Records provided
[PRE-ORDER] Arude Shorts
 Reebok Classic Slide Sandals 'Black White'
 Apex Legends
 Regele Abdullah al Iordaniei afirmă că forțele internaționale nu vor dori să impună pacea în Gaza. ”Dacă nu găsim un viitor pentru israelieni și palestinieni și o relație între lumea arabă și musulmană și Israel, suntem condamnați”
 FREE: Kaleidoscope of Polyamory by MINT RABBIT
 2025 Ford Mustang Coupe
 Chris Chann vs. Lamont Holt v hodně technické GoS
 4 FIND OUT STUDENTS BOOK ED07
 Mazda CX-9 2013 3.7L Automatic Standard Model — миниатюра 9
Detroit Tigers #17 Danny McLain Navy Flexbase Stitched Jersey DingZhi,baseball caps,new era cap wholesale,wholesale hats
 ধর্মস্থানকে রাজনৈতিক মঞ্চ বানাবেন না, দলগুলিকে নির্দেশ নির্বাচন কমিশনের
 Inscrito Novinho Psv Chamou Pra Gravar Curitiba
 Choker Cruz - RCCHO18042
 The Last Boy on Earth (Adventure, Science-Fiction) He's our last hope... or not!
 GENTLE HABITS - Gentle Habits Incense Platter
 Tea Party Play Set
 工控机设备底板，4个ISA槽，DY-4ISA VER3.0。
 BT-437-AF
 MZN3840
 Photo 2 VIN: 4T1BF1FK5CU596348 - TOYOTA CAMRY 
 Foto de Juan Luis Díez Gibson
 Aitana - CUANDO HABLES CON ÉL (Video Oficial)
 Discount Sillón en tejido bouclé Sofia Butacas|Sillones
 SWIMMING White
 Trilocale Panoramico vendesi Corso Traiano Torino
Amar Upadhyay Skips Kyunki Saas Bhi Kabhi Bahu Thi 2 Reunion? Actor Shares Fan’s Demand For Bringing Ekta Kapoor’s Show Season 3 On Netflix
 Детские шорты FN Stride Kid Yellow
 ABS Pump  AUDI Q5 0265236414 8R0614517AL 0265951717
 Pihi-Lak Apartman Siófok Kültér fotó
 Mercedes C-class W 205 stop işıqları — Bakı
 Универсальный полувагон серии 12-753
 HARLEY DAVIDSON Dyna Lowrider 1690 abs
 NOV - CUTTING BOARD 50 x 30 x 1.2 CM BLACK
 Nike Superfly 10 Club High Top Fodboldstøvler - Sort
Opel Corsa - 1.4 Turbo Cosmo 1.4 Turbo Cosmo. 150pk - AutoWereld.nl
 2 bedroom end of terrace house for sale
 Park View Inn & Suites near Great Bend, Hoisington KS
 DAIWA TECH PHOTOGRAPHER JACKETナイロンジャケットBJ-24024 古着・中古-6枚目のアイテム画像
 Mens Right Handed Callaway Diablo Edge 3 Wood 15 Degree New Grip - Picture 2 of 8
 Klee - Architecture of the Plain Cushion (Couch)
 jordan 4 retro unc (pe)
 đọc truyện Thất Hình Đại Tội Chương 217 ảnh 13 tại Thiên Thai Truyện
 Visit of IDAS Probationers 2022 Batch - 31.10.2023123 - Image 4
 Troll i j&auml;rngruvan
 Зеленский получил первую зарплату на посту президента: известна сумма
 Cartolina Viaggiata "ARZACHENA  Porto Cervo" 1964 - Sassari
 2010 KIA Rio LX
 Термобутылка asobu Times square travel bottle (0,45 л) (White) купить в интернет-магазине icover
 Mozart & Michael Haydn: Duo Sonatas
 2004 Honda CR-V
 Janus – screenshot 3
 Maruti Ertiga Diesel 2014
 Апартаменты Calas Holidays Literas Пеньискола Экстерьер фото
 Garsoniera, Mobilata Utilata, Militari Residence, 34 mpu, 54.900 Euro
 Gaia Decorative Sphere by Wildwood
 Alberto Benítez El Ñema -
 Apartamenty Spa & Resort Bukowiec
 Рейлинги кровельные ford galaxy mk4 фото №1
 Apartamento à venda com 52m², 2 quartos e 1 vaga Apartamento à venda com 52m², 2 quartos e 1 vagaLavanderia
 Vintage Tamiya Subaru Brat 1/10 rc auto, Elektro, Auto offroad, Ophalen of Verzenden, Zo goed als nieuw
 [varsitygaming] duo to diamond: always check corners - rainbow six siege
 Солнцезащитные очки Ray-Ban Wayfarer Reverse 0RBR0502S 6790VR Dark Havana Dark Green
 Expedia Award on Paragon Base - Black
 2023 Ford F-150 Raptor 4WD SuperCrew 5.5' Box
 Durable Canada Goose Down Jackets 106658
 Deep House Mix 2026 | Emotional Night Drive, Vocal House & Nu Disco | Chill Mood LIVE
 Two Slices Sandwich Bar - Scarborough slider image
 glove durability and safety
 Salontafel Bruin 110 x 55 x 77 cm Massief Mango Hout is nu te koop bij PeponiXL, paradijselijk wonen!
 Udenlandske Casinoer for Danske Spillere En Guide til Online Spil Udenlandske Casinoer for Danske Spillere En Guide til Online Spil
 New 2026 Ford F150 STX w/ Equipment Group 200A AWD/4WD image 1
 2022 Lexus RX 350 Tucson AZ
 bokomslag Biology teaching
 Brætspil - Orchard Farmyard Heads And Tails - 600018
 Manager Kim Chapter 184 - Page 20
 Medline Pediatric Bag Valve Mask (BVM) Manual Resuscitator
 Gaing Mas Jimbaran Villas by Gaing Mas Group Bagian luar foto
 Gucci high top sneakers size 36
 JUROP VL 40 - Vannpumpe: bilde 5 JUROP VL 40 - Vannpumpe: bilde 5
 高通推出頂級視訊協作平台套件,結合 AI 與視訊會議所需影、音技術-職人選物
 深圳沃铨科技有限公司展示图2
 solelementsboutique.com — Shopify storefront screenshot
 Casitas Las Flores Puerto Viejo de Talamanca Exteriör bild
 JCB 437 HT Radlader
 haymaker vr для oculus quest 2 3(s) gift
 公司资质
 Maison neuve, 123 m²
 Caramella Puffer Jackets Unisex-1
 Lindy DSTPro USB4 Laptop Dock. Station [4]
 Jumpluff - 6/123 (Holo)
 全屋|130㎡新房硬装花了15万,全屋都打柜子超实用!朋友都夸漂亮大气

Problem statement
Scan the material above. Copy each line that holds the word "Group".

Expected answer
 New 2026 Ford F150 STX w/ Equipment Group 200A AWD/4WD image 1
 Gaing Mas Jimbaran Villas by Gaing Mas Group Bagian luar foto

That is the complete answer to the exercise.